竹林 ~竹林庵の物語~

劉白雨

< 序章 >


 美しく穏やかな太平洋と、様々な国籍の船が行き交う東京湾に囲まれた房総半島。この土地は、穏やかな気候と風光明媚な自然に恵まれ、温暖な気候が広がります。 高い山々はここにはなく、代わりに丘陵地帯が広がり、草木が繁茂し、四季折々の美しい花々が咲き誇ります。

 地域の住民たちだけでなく、観光客たちもこの恵まれた自然環境に魅了されるのです。


 魅了されたのは、地元の住民や観光客だけではありません。

 数多くの文豪も魅了され、芥川龍之介氏を始め、太宰治氏、滝沢馬琴氏、三島由紀夫氏、小川未明氏、井上靖氏、そして村上春樹氏に至るまで、錚々そうそうたる文豪がこの房総半島の地を表現豊かに描いてきたのです。

 ここは、海の幸と山の幸に恵まれた、風光明媚な土地であり、いにしえより刻まれた歴史と文化が織りなす、様々な物語が生まれる場所でもあるのです。


 この魅力に満ちた自然の中に、一際大きな竹林が広がる場所があります。この土地特有の穏やかな時の流れと、潮風の香りが交差する場所がこの竹林なのです。

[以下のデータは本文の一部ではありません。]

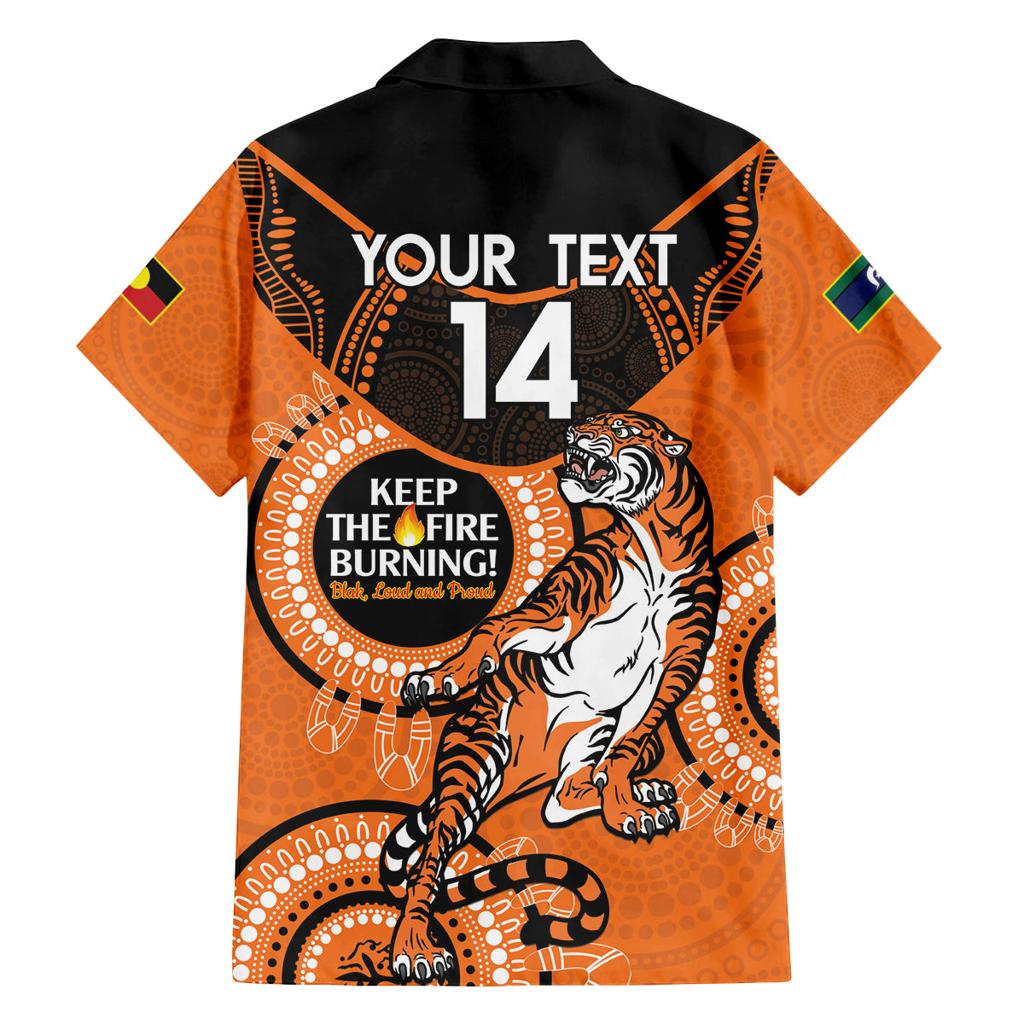 Custom NRL Tigers NAIDOC Week Family Matching Puletasi and Hawaiian Shirt Keep The Fire Burning Indigenous Art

 竹の葉が風に揺れ、やわらかな光がその間から差し込み、竹の茎を彩る緑と、その美しい姿が、時折来訪者の心を打つことでしょう。

 竹林の奥深くに進むと、異なる世界へと足を踏み入れることができるかもしれません。竹の間を抜ければ、自然との調和と平穏なひとときが待っています。


 そんな竹林の奥深くに一軒の庵があります。

 竹でできたこの庵から、朝な夕なに聞こえてくる不思議な調べは、この竹林の神秘さと相まって、人々に神の存在を思わせるような印象を与え、地元の人々からは「神の竹林」と呼ばれ親しまれていました。

 この神の竹林は、房総半島の自然美の象徴であり、その魅力を心ゆくまで感じることができる場所なのです。


 しかしながら、この神秘的な竹林には、夜な夜な微かな歌声が聞こえ、幻想的な光が踊るらしいのです。その歌声はこの世のものとは思えない、神の歌声のようであり、庵から漏れるわずかな光は幻想的にきらめき、まるで歌声にあわせて踊っているかのように見えるのです。

 ただ、噂をする地元の人々もその詳細については誰も知らず、夜訪れても庵に辿り着くことはできず、昼間に訪れると庵はいつも閉ざされたままなので、その真実を知ることは誰にも叶わなかったのです。


 この竹林を訪れて、たまたま庵を見つけた人々は、この竹林の美しさと謎めいた雰囲気の庵に惹かれ、何かを感じるとまことしやかに噂していたのです。

 竹林と庵に関するこのような噂は、地元の住民たちによって、古くから口伝えで語り継がれ、竹林を訪れる人々の心に不思議な興味を抱かせるのでした。